When Mavis Staples comes around, it behoves you to be there, which explains the sold-out crowd at the Colonial, the theatre made famous by the run-out scene in the 1958 movie The Blob. Aisle-mates of ours drove nearly 100 miles from Asbury Park, New Jersey, to see the show. Whether audience members crossed state lines or walked down to the Colonial, no one left the theatre let down by Mavis Staples, who remains as compelling a performer as she’s ever been.
While Staples has often spiked her setlists in recent years with cover songs by the likes of Talking Heads (“Slippery People”) and Funkadelic (“Can You Get to That”), at the Colonial she was focused on her legacy with the Staple Singers, along with four songs from her 2025 album, Sad and Beautiful World. While many of these songs have been the foundation of Staples’ live shows for decades, taken together, the songs formed a setlist that was an intentional call for resistance and peace in difficult times.
Fans hoping for Staple Singers classics were rewarded with “City in the Sky”, “I’m Just Another Soldier”, “Handwriting on the Wall”, “Freedom Highway”, “Heavy Makes You Happy”, and “Respect Yourself”. All were delivered with both gospel and rock ‘n’ roll fervor by Staples and her band. Staples spoke often between songs, not getting too specific, but also not shying away from noting her distaste for ICE and other aspects of the current administration.

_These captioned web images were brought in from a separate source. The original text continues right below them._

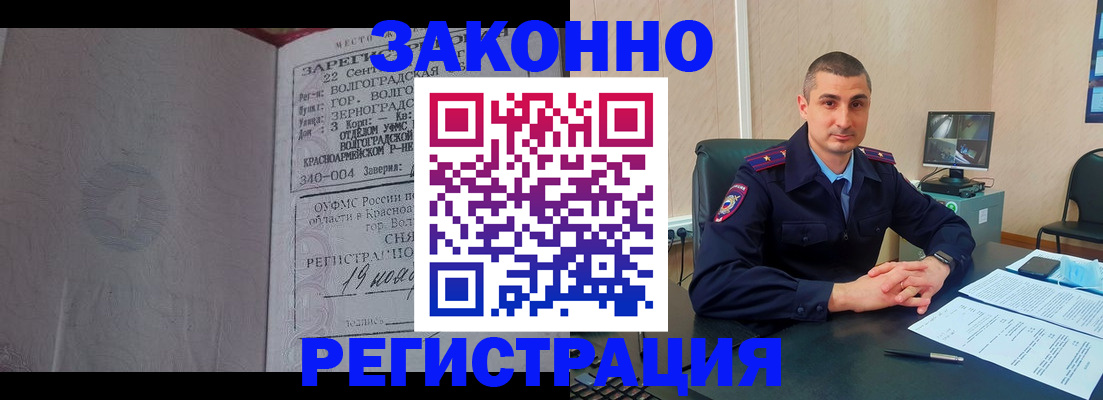 форма 3 в Нововоронеже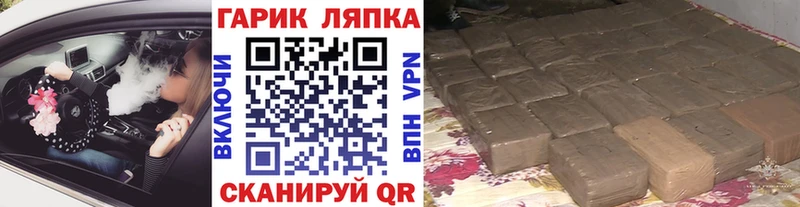 ГАШИШ hashish  наркота  Тейково 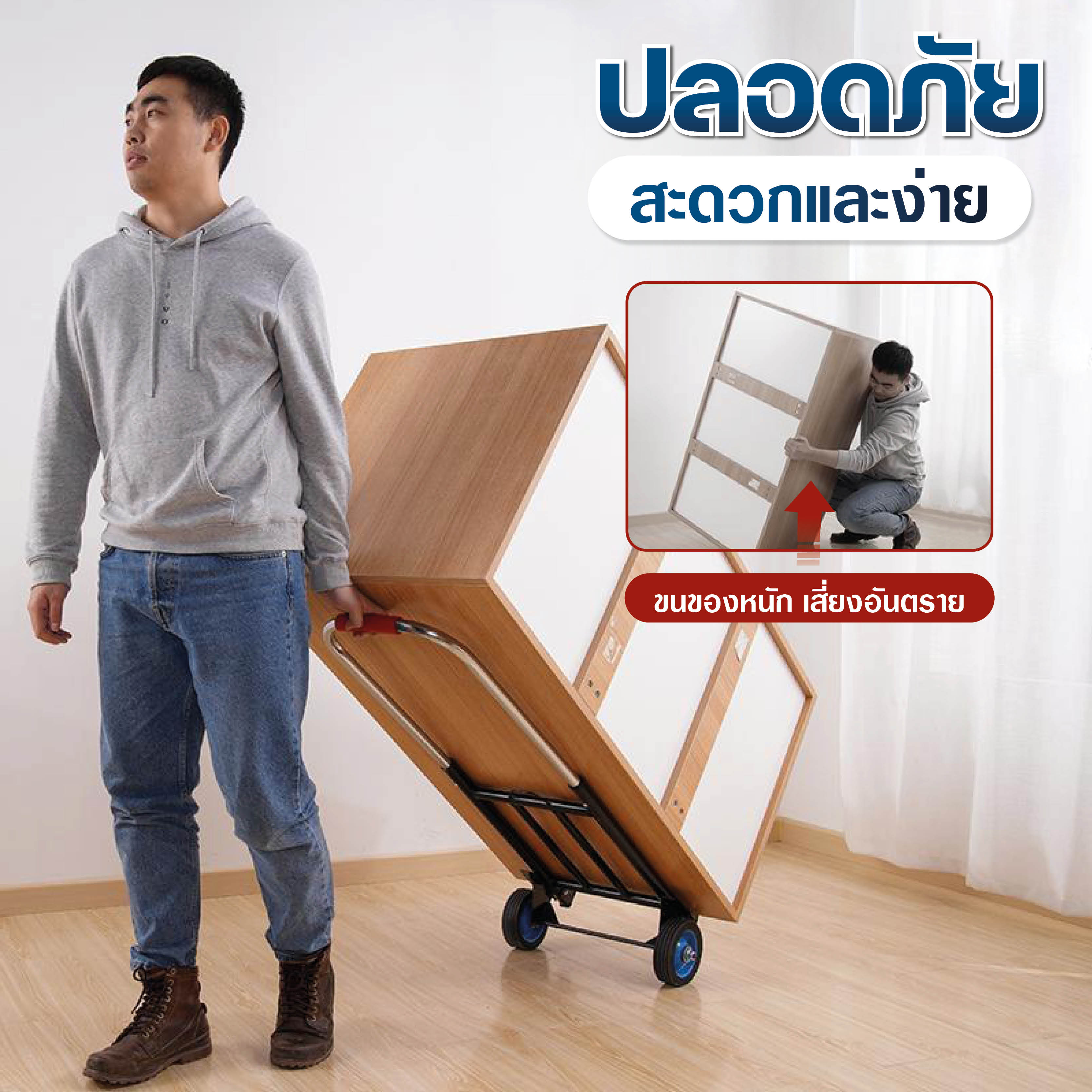 [ รับประกัน 10ปี ] Dobee Home รถเข็น2ล้อ รถเข็นของพับได้ รับน้ำหนักได้ ...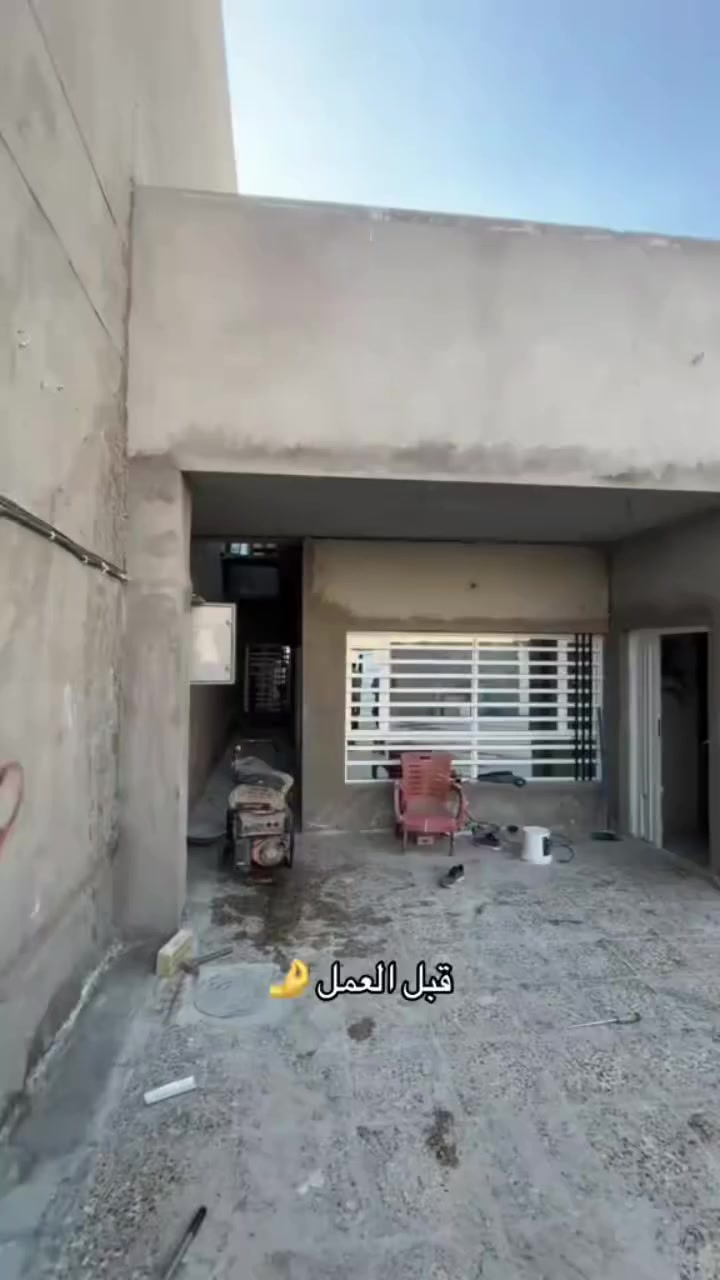 #تغيير
#جميل #بسيط #اقتصادي
#صبغ #فوم تركي


**إذا كنت صاحب هذا الإعلان وتريد حذفه لأي سبب، رجاءا أرسل رسالة إلى الدعم الفني**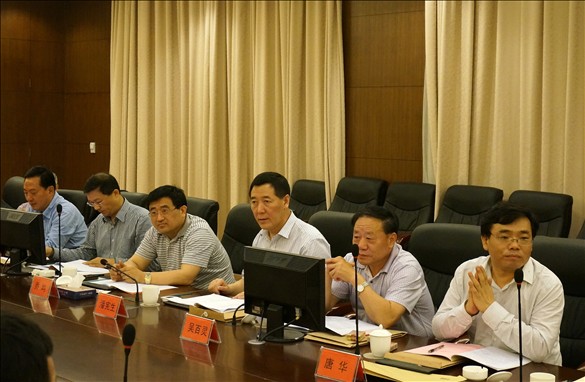 凯发k8集团召开镇江冷链物流项目专家咨询会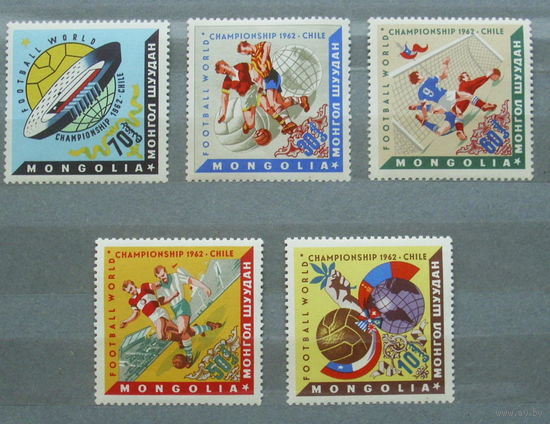 Монголия. Футбол. ( 5 марок ) 1962 года. 3-20.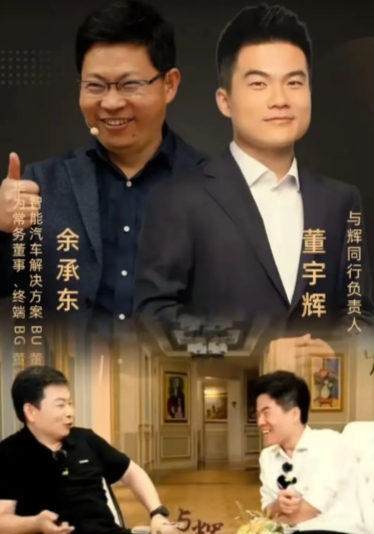 去年华为就联系董宇辉，帮助华为做宣传，结果东方甄选拒绝了，当时还是华为最难的时候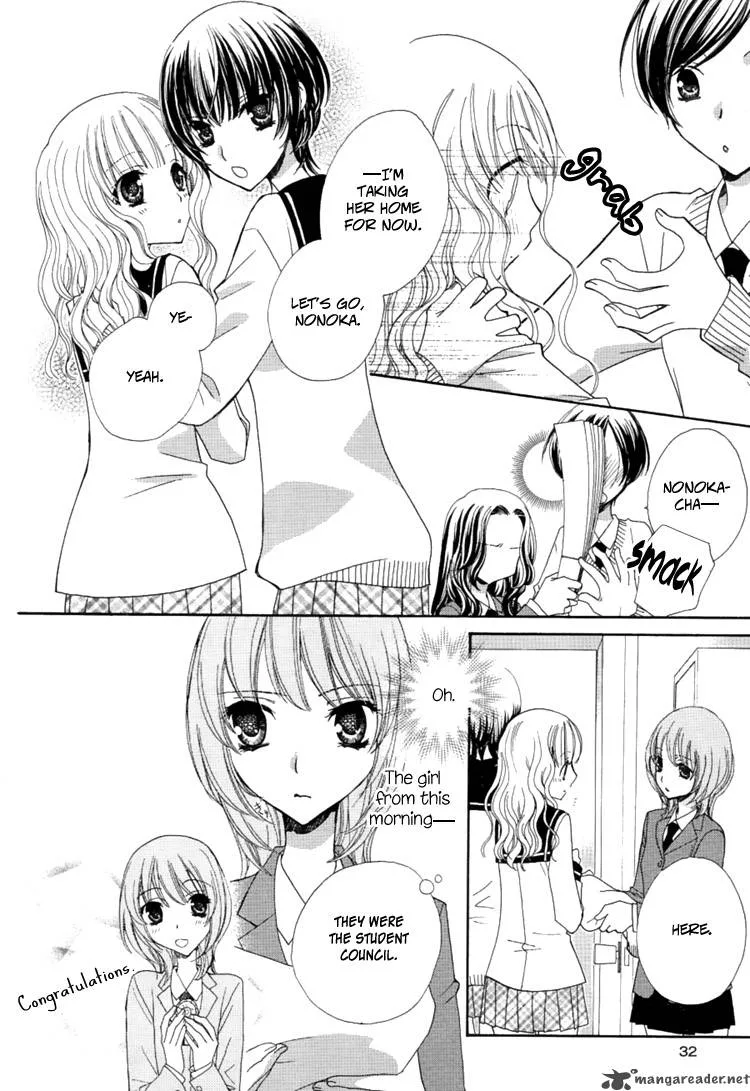 Mousou Honey Chapter 1 page 19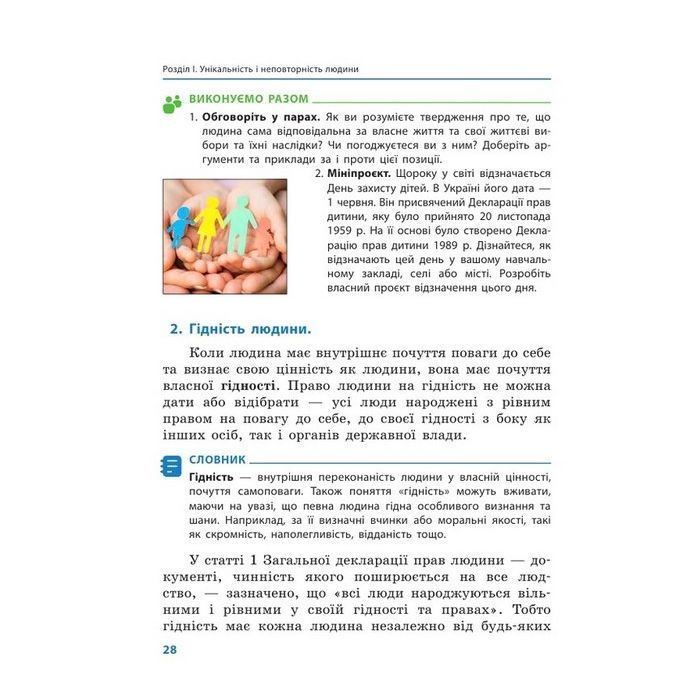 Учебник Етика. Для 5 класу - О.О. Мартинюк, О.О. Гісем Ранок (9786170979261) изображение 4
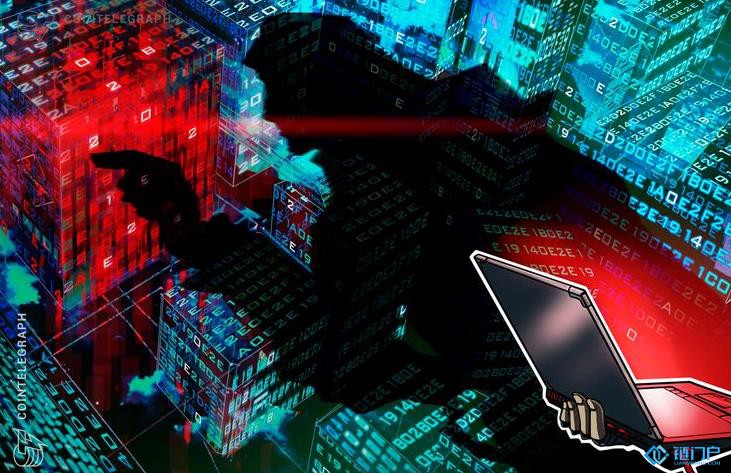 日本加密貨幣交易所Zaif發布賠償計劃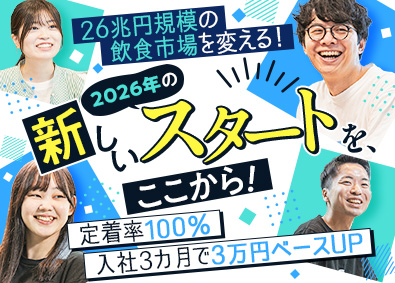 株式会社flaro カスタマーサクセス／未経験歓迎／リモート可／月給33万円以上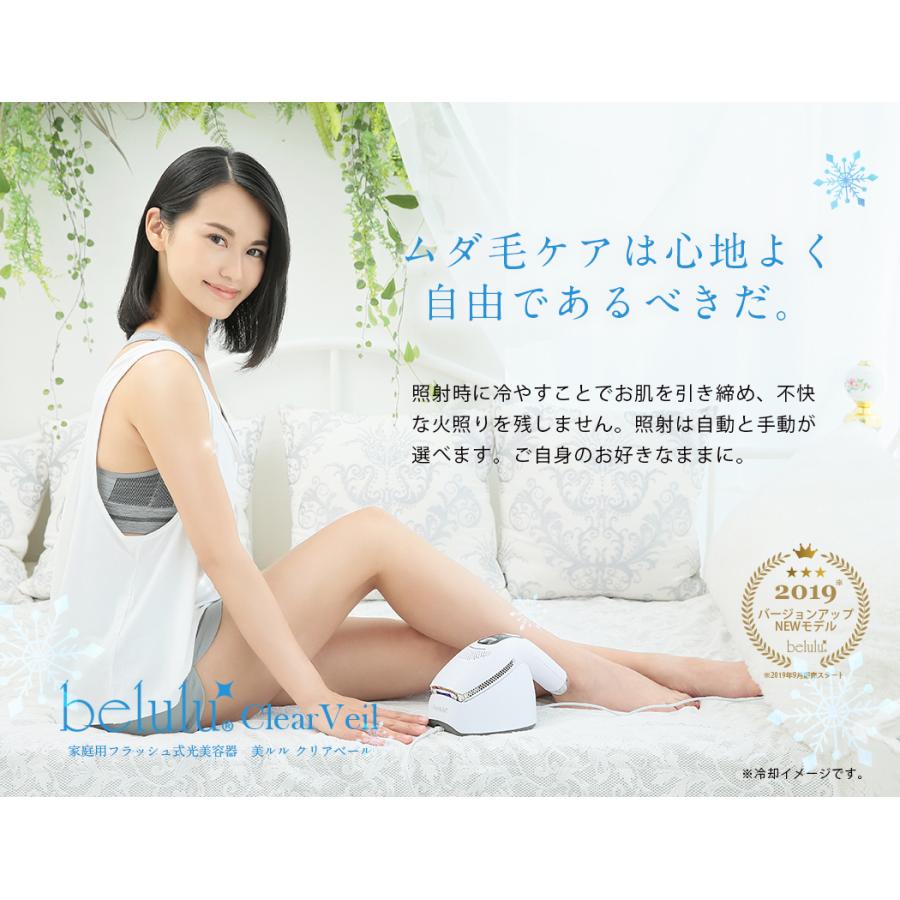 belulu 脱毛器 美ルル クリアベール フラッシュ式脱毛器 光脱毛 脱毛機
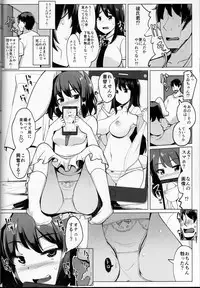 (Reitaisai 15) [Ippongui (Ippongui)] Uwaki Shite Tewi-chan to Sex Shita (4-kaime) (Touhou Project)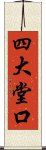 四大堂口 Scroll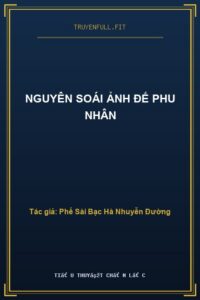 Nguyên Soái Ảnh Đế Phu Nhân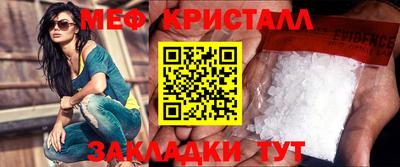 трава Канаш
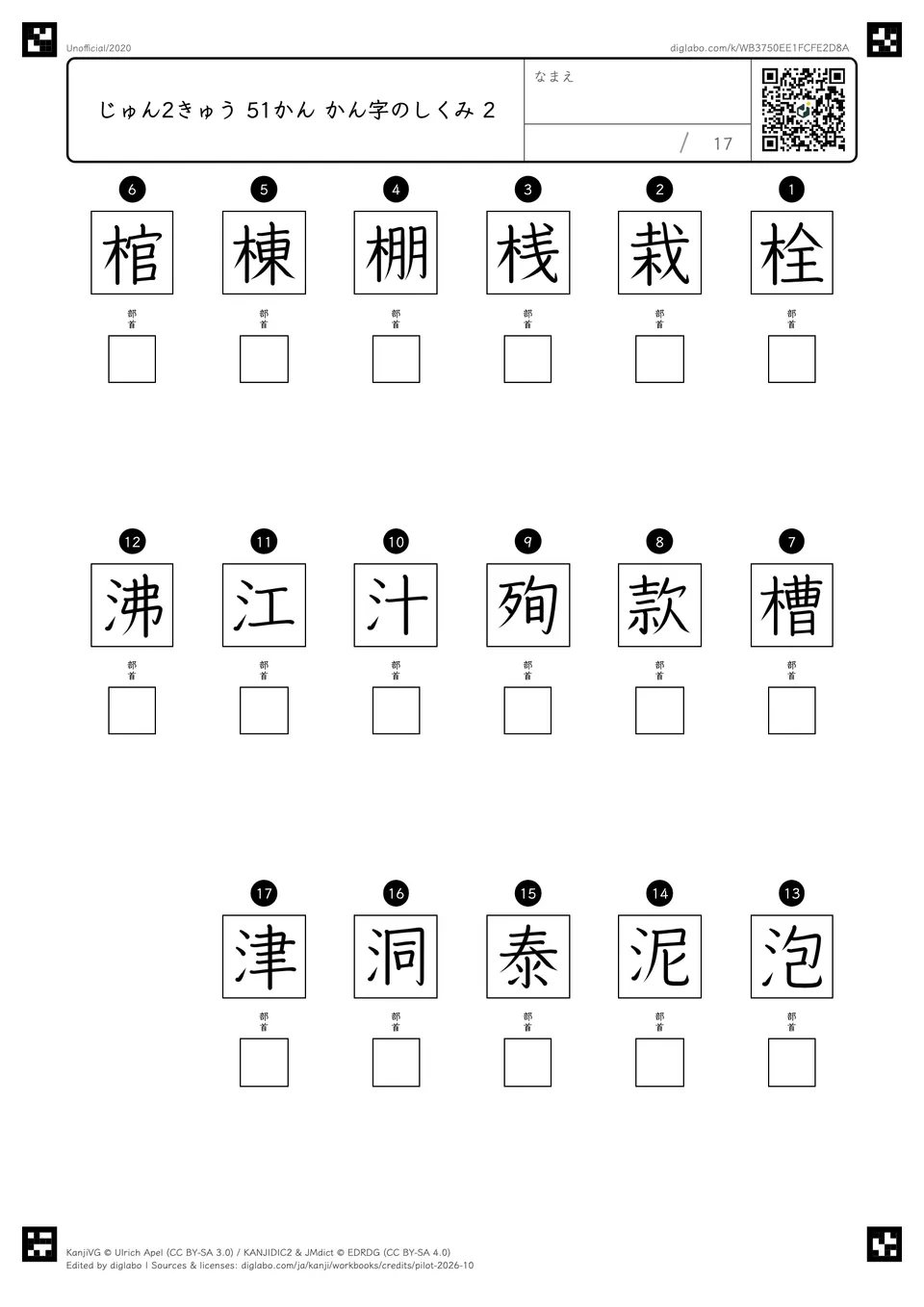 じゅん2きゅう 51かん かん字のしくみ 2の問題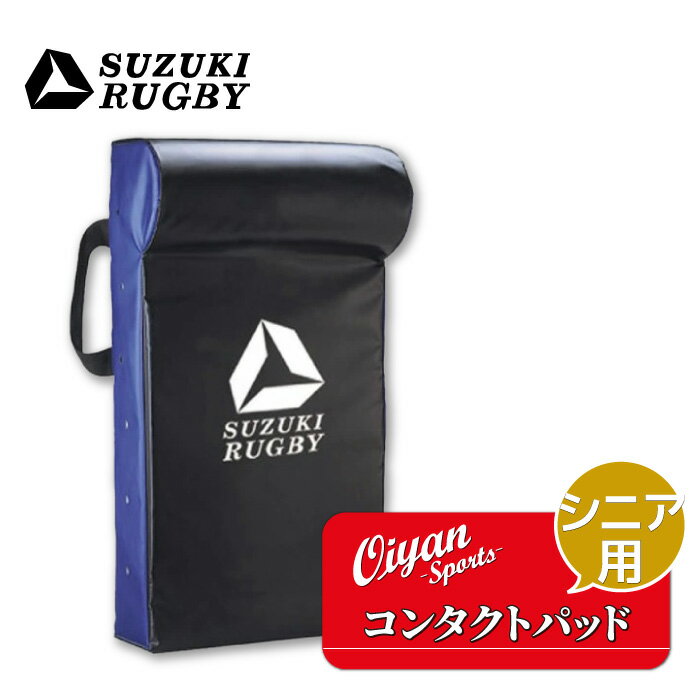 スズキスポーツ SD-9411 コンタクトパッド シニア用 ラグビー タックルバック ヒットバック ディフェンスシールド ヒットシールド ハンドダミー ジャッカ...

Nobody in the Colonial’s audience told Staples to “shut up and sing”. Sing she did, though. In addition to the Staple Singers’ classics, her renditions of songs from Sad and Beautiful World easily justified the opinion of anybody who might have thought it was one of the best albums of 2025.
In a show full of highlights, the emotional pinnacle may have been a heartfelt rendition of the Jeff Tweedy-written title track for Staples’ 2010 album, You Are Not Alone. “A broken home / A broken heart / Isolated and afraid / Open up this is raid / I wanna get it through to you / You’re not alone” hit the crowd hard, and probably stayed with many concertgoers, even as they made their way back home.
Staples closed the night with her cover of Eddie Hinton’s classic, “Everybody Needs Love”. It was an upbeat way to end the performance, but it also underscored the show’s overall message: love is a serious business, it can be used to combat evil, and everybody does indeed need it. No exceptions.
“Mavis for President” bumper stickers and buttons were available at the merch table. That’s a fun idea, but Mavis Staples made it clear at the Colonial that she’s got no time to be president: she’s got a higher calling.